▶ [Supplied records]
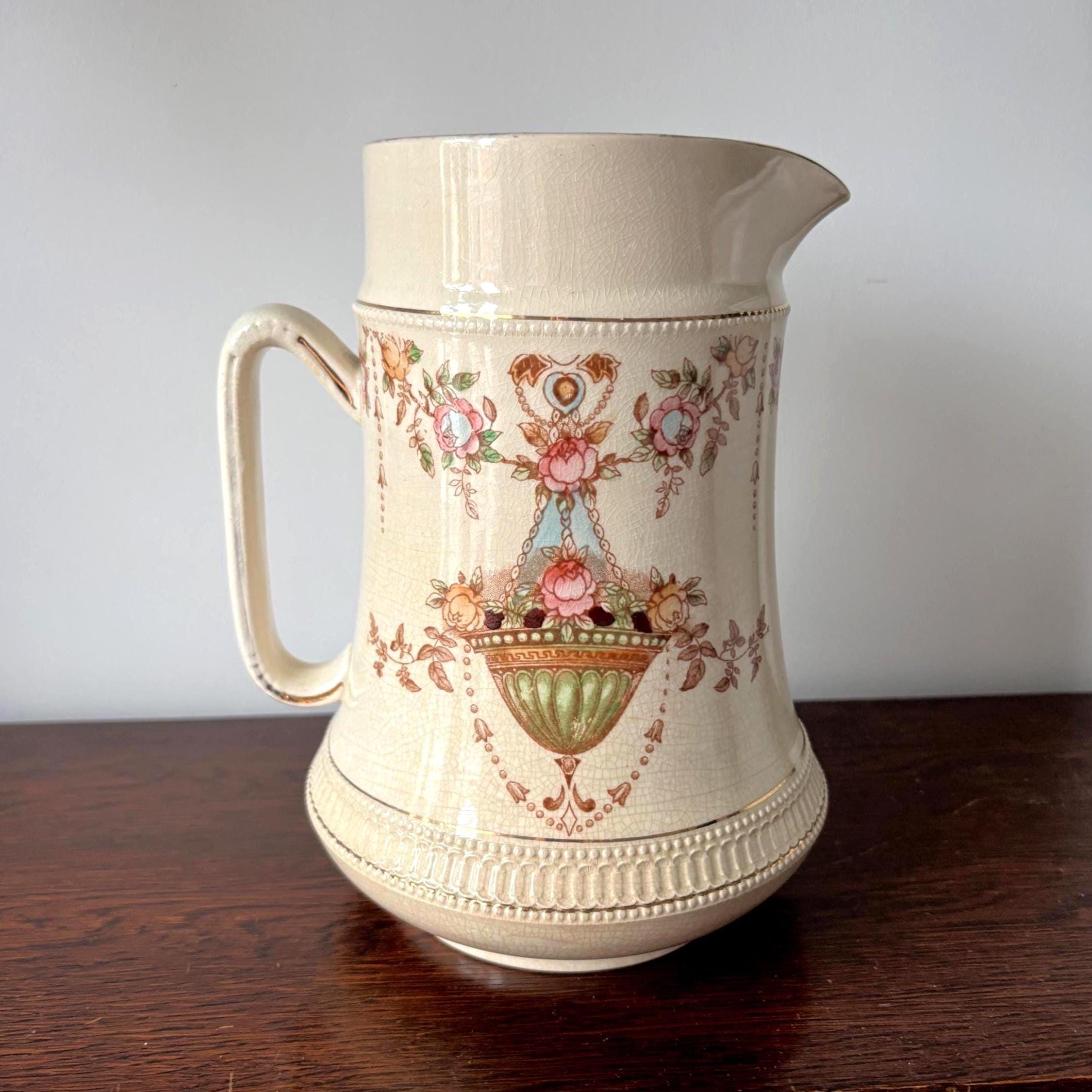 Antique Crown Devon “Etna” Jug Pitcher, Floral Basket, Crackle Glaze, England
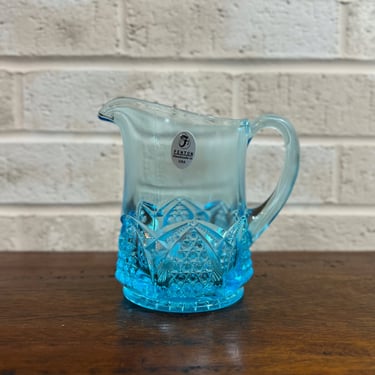 Vintage Fenton Light Blue Glass Diamond Point Creamer 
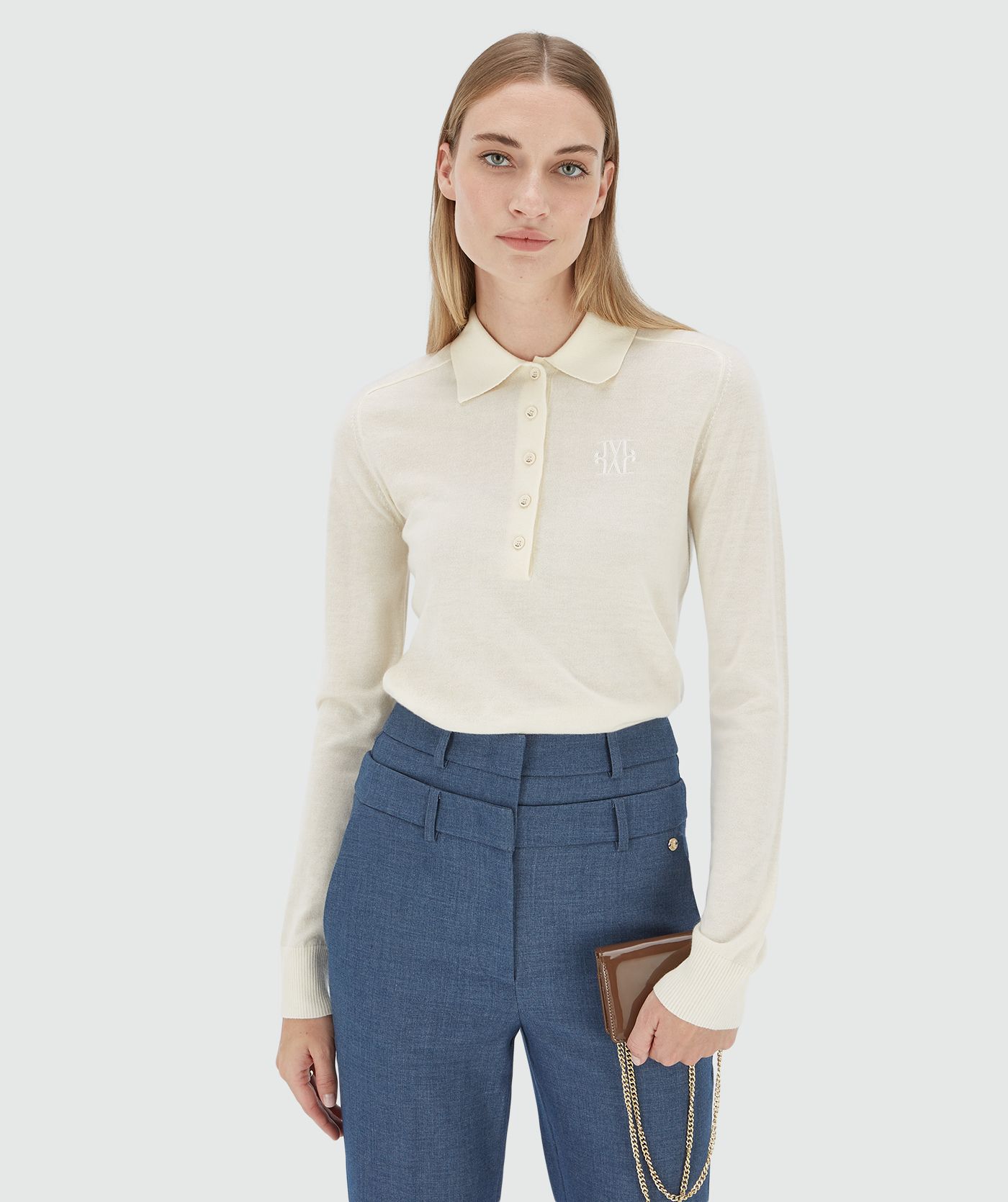 Pull slim fit en laine AUDREY - écru clair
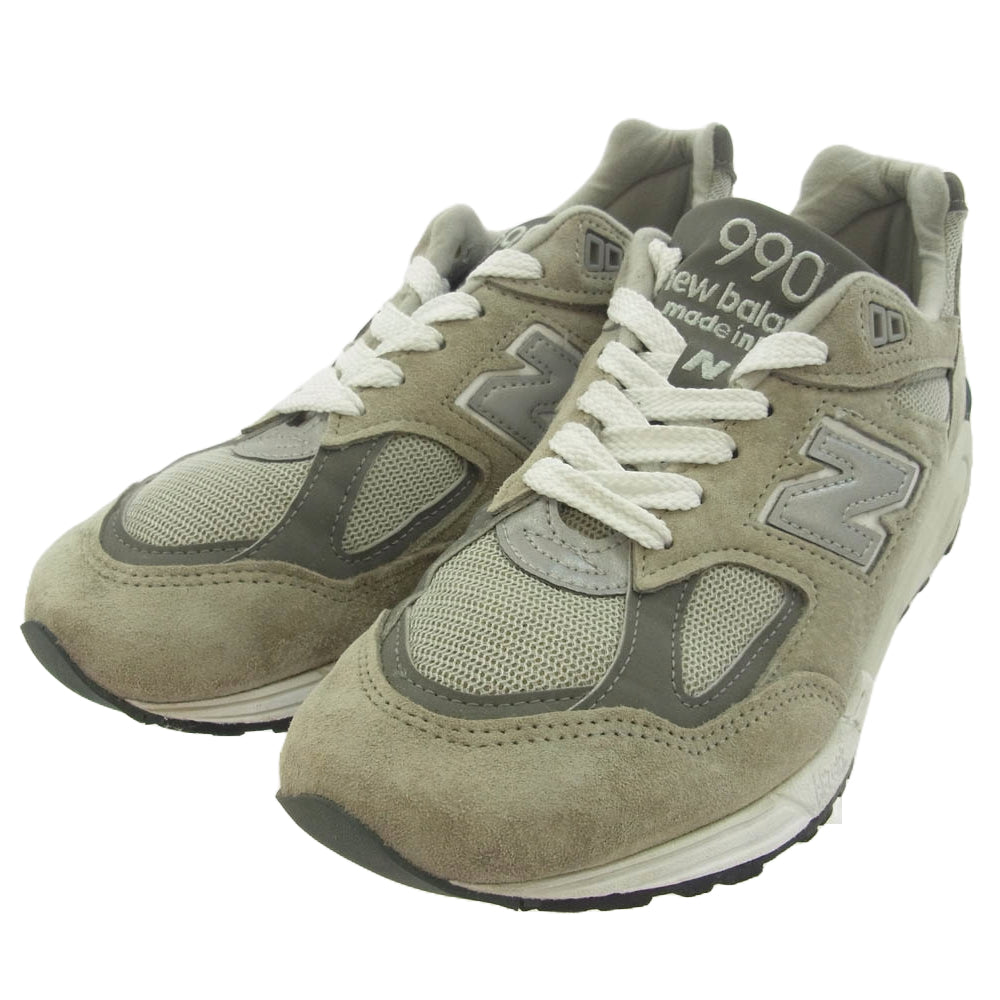 NEW BALANCE ニューバランス M990GY2 USA製 990V2 スエード メッシュ ローカット スニーカー グレー系 26.5cm【中古】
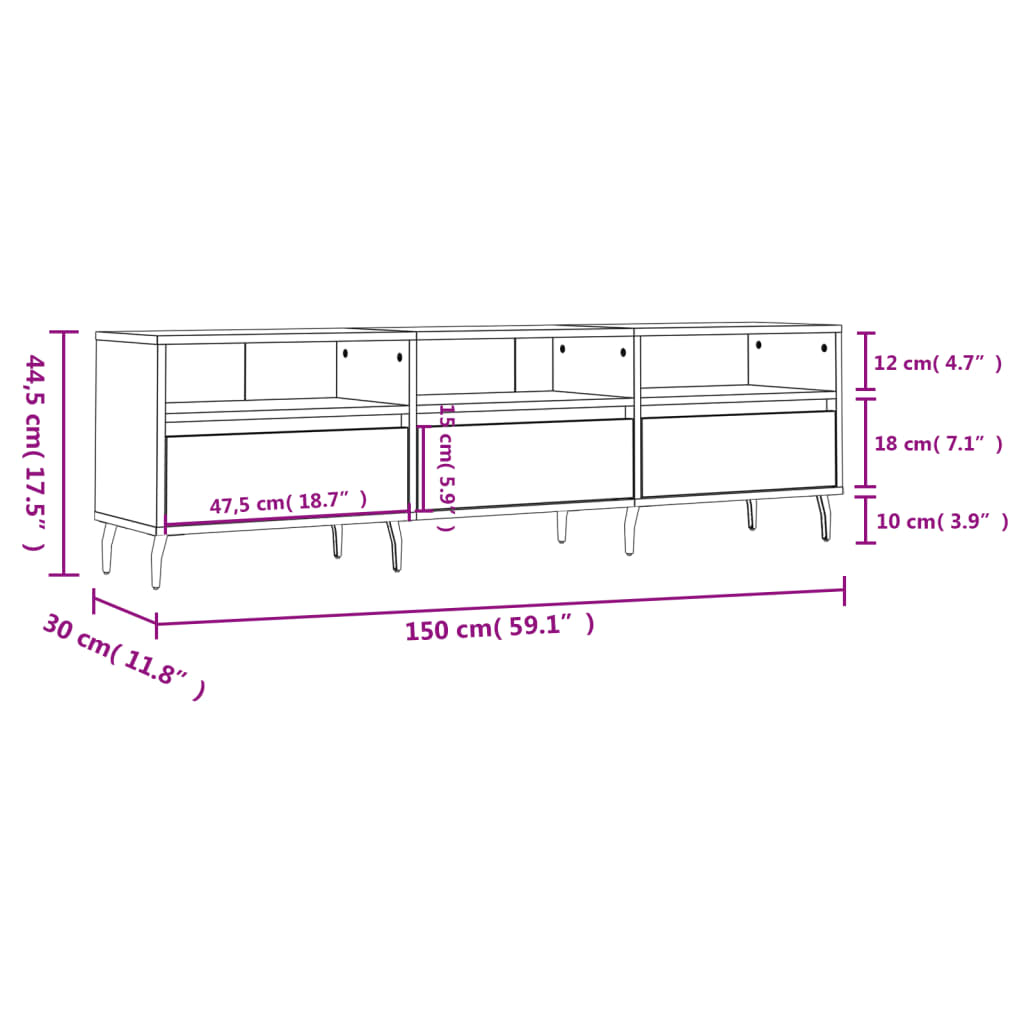 TV cabinet, smoked oak, 150x30x44.5cm, wood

▶ [Directions for this task]
The copy must start at the line containing "Pull slim fit en laine AUDREY - écru clair" and end at the last line of the data, matching each line exactly. It must hold no pictures.

▶ [Written solution]
 Pull slim fit en laine AUDREY - écru clair
 NEW BALANCE ニューバランス M990GY2 USA製 990V2 スエード メッシュ ローカット スニーカー グレー系 26.5cm【中古】
 TV cabinet, smoked oak, 150x30x44.5cm, wood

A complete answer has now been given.